Offroading on public roads is now confined to marked trails, and nearly all trails are open to ATVs, most to motorcycles, and only a handful to trucks. There have been some high-profile prosecutions for "malicious damage to wetlands" of people offroading on their own private land. You can't really play in the mud unless you are in a really remote area or can claim that what you're doing is farming-related, since that's one of the few safe harbors.
The gov isn't entirely to blame since many people who used to drive Jeeps or built-up trucks have moved to ATVs.

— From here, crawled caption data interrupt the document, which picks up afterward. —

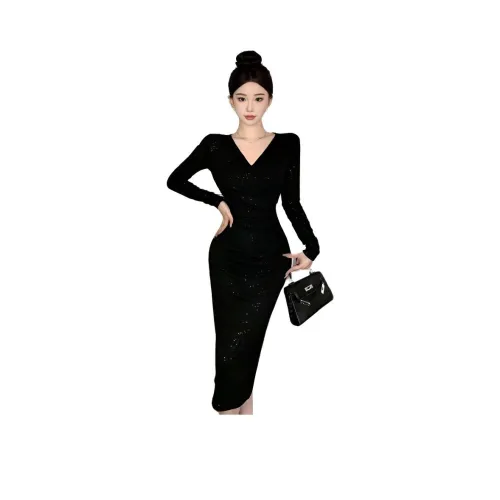 XIANSINIAO Длинное платье с длинными рукавами женское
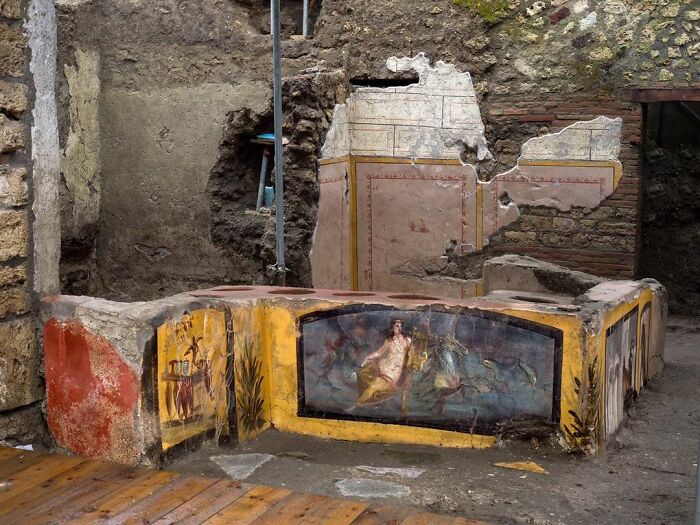 2000 Year Old Ancient Fast Food Shop In Pompeii, Were Highly Decorated And Cheap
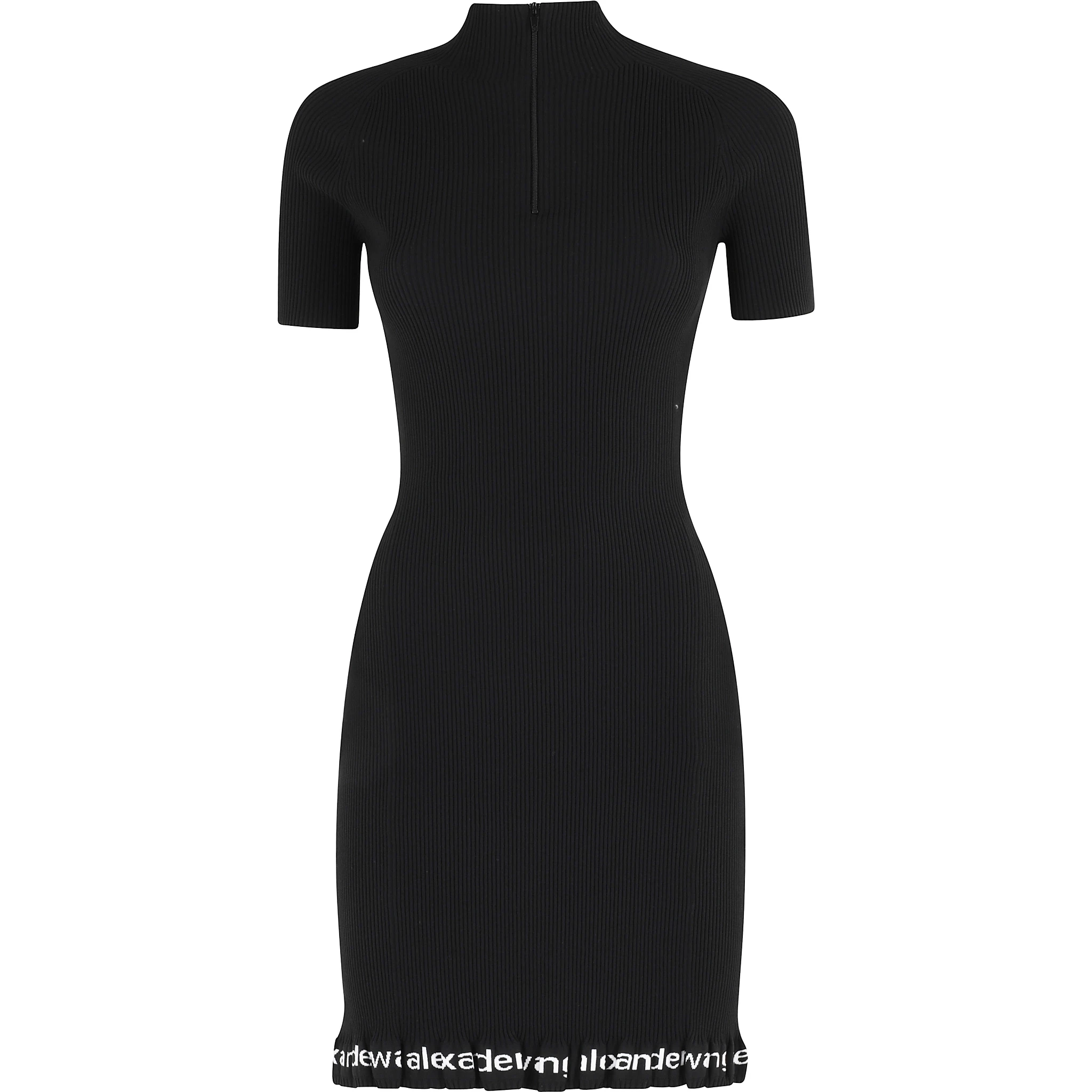 RIBBED SS DRESS W LOGO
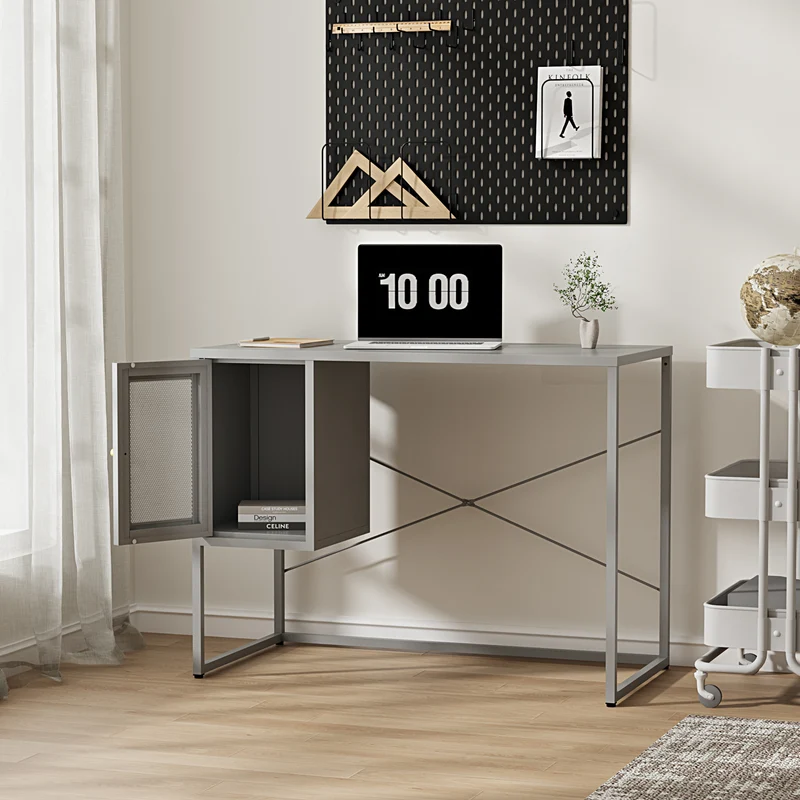 Schreibtisch Sund Stahl 75x100x50 cm Grau [en.casa]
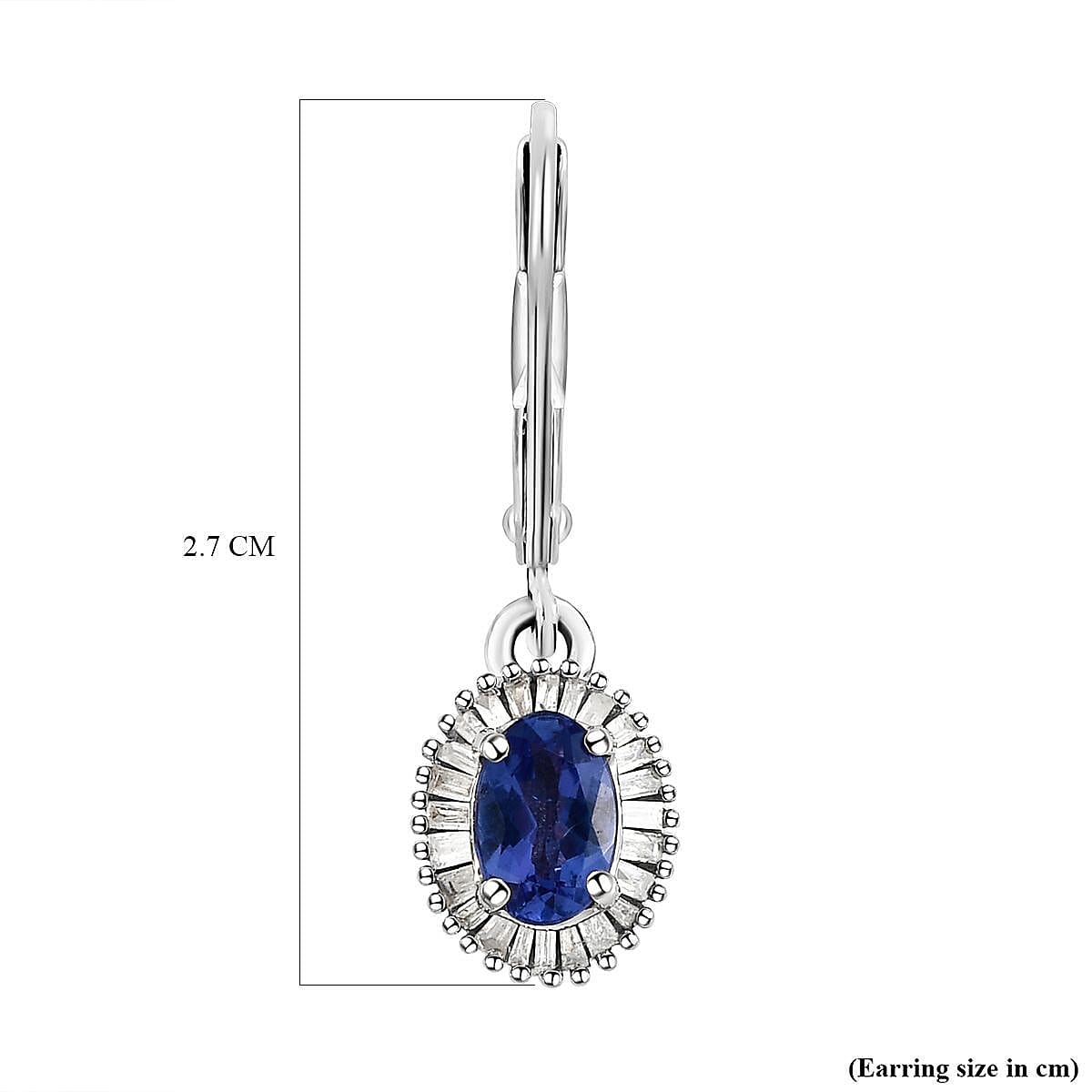 9K White Gold Tanzanite and Diamond Lever Back Earrings 1.44 Ct.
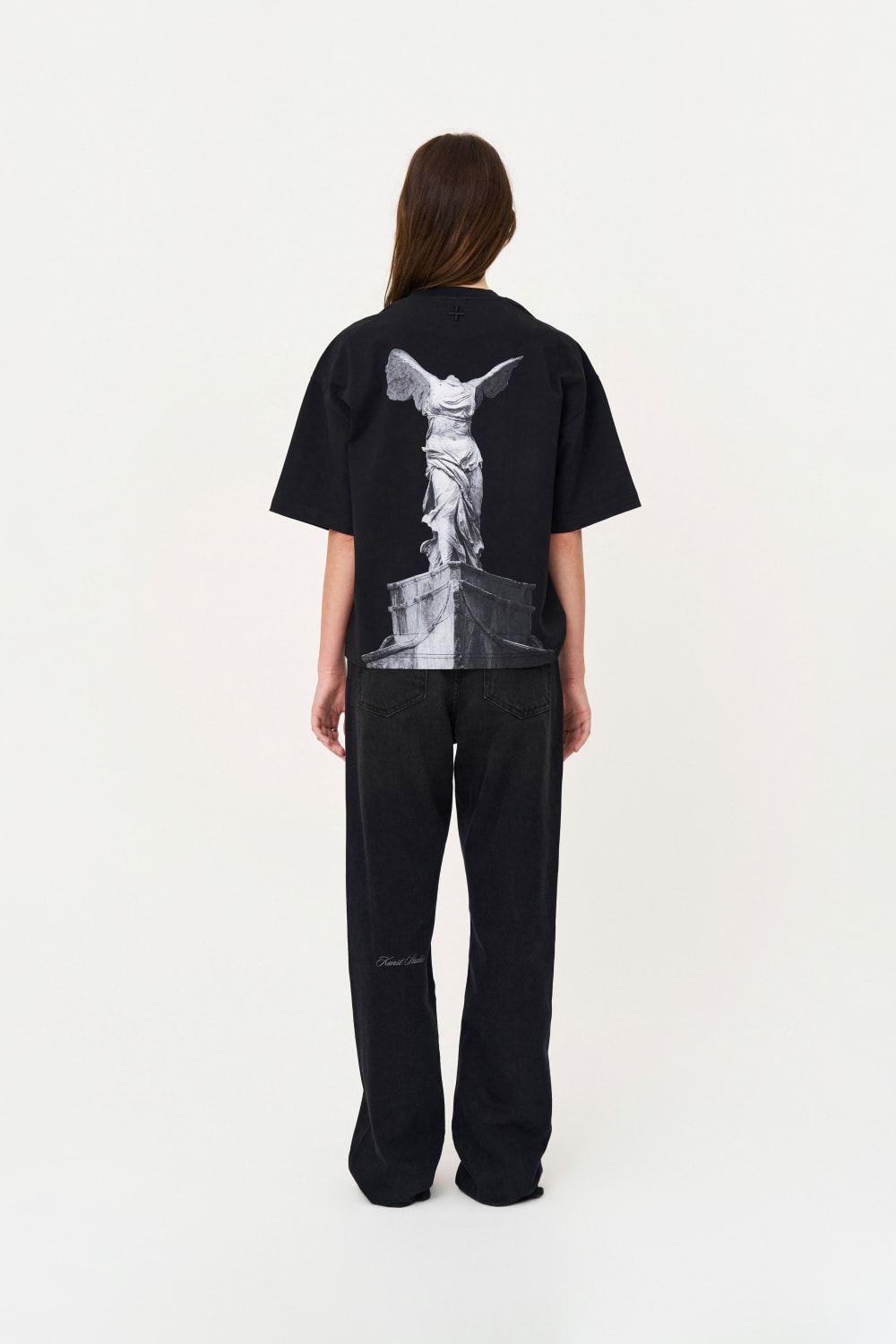 Kısa Kollu Heykel Baskılı Box Fit Siyah T-Shirt - 4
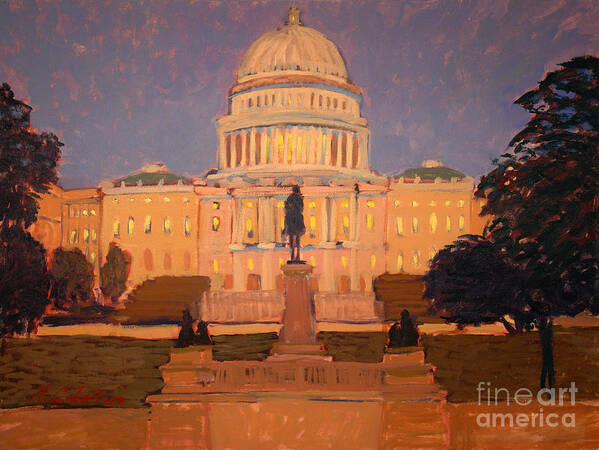 Capitol Art Print featuring the painting Evening at the capitol by Monica Elena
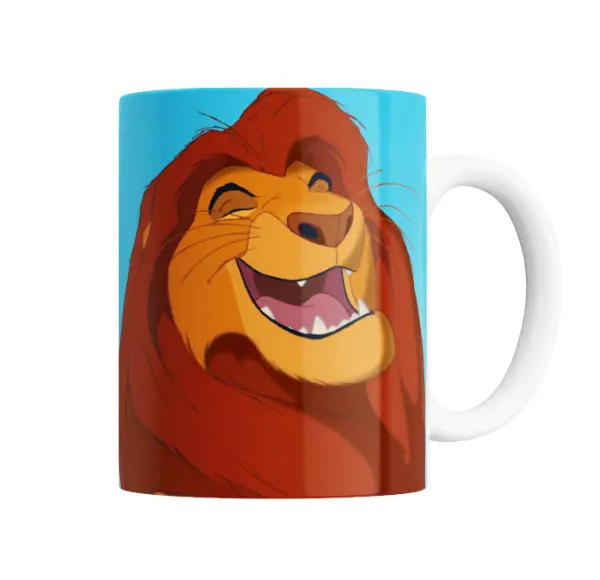 Taza de Cerámica El Rey León Simba Riendo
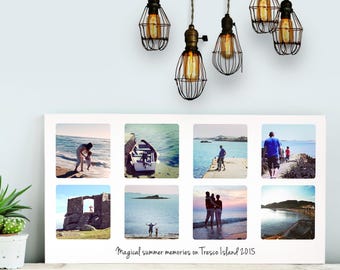 May include: A white photo collage with six square images of a family's summer vacation on Tresco Island. The images show a woman and child on a beach, a boat in the water, a couple walking on a pier, a man and child walking on a path, a stone building, and a beach scene with a boat in the distance. The text "Magical summer memories on Tresco Island 2015" is printed below the images.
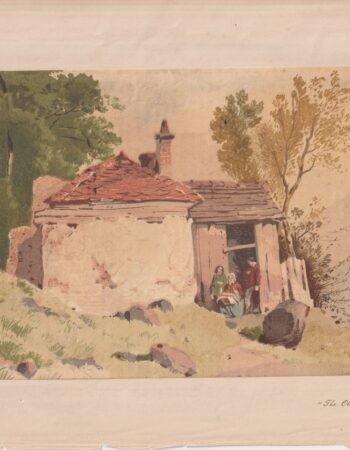 Antique Print, The Old Hut by  Aaron Penley, 1868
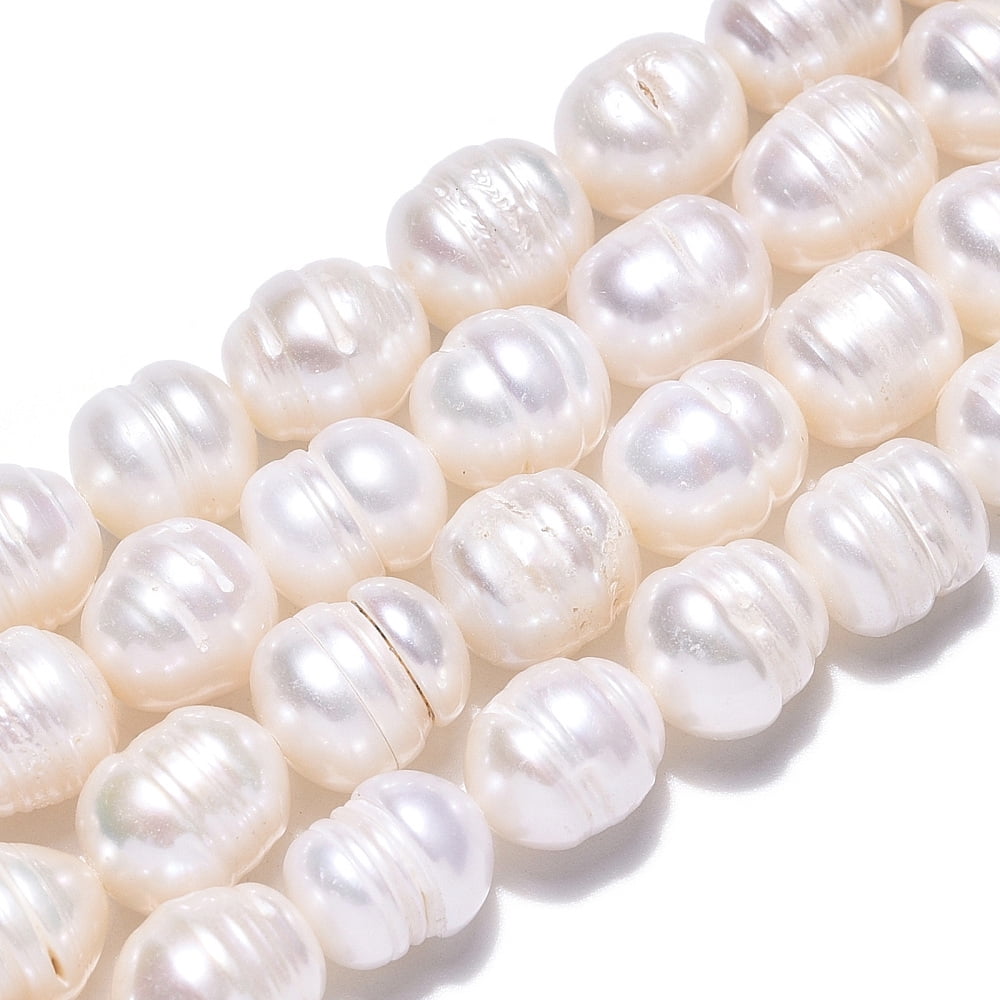 Natural Cultured Freshwater Pearl Beads Strands Baroque Keshi Pearl Rice Beads Seashell Color 8~11x8.5~9mm Hole: 0.7~0.8mm 19pcs/strand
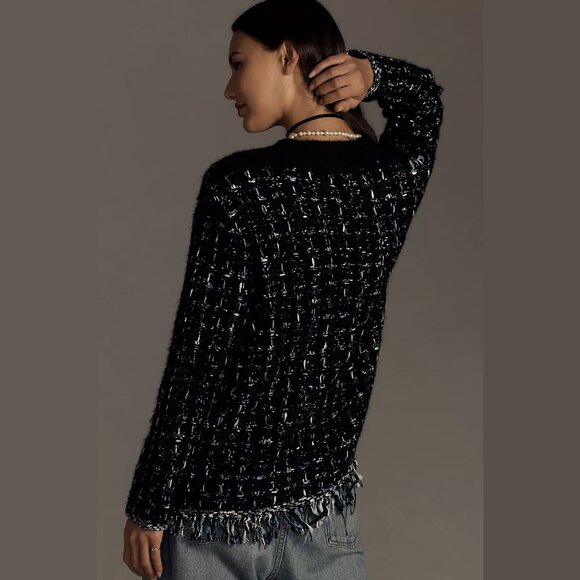 NEW Size S, M, L Anthropologie Button Tweed Fringe Cardigan Sweater, Black Motif - Picture 4 of 4
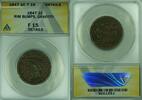USA Large Cent Braided Hair ANACS F-15 Details Rim Bumps-Graffiti (42) -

I don't know when the heyday of the 4x4 pickup was exactly but it now seems like it's in the past.Minneapolis area - 1997 K2500 regular cab long bed + 8.5' Western Unimount plow + modified transmission + 2nd battery + modified camper charge circuit + 1971 Cayo camper -and- 2004 4x4 Suburban 2500 8.1 + Maxbrake controller + 2nd battery + modified trailer charge circuit + Reese receiver, pulls 30' Airstream trailer
01-11-2013, 12:16 AM #2
I have noticed that trend in Michigan. There are plenty of places to go offroad and not be concerned about negative ramifications. Obviously, the farther you get from Detroit the more opportunity there is to hit the mud. There are a few gravel pits that the owners will let you in near my home. We have the state owned silver lake sand dunes. I know of at least two privately owned "offroad parks". Both consist of heavily wooded areas, steep rocky hills, and large open fields with mud pits. While I do notice many more atvs out there than in the past. I chalk this up to cost. You can buy a pretty nice atv for what it cost to buy your lift, tires, and gears. That is assuming that you already have a truck to put them on. I have also seen a trend lately of younger guys building some pretty large and capable mud trucks using mid 90's model trucks. My cousins live right in between Detroit and Lansing. During the summer there is at least one farmer hosting a mud bog in his fields on the weekends. Some of the trucks you see out there are absolutely crazy. I have seen a few blown trucks running 54" Super swamper Boggers. The law enforcement does show up occasionally (To Watch!!). They basically leave the guys alone. Even when they run their trucks on the road to get them home. (They are way over the lift law height) I am sure that at some point the environmentalists will make their way here and start the same trend the you are seeing in your home state. As of now it is alive and well here.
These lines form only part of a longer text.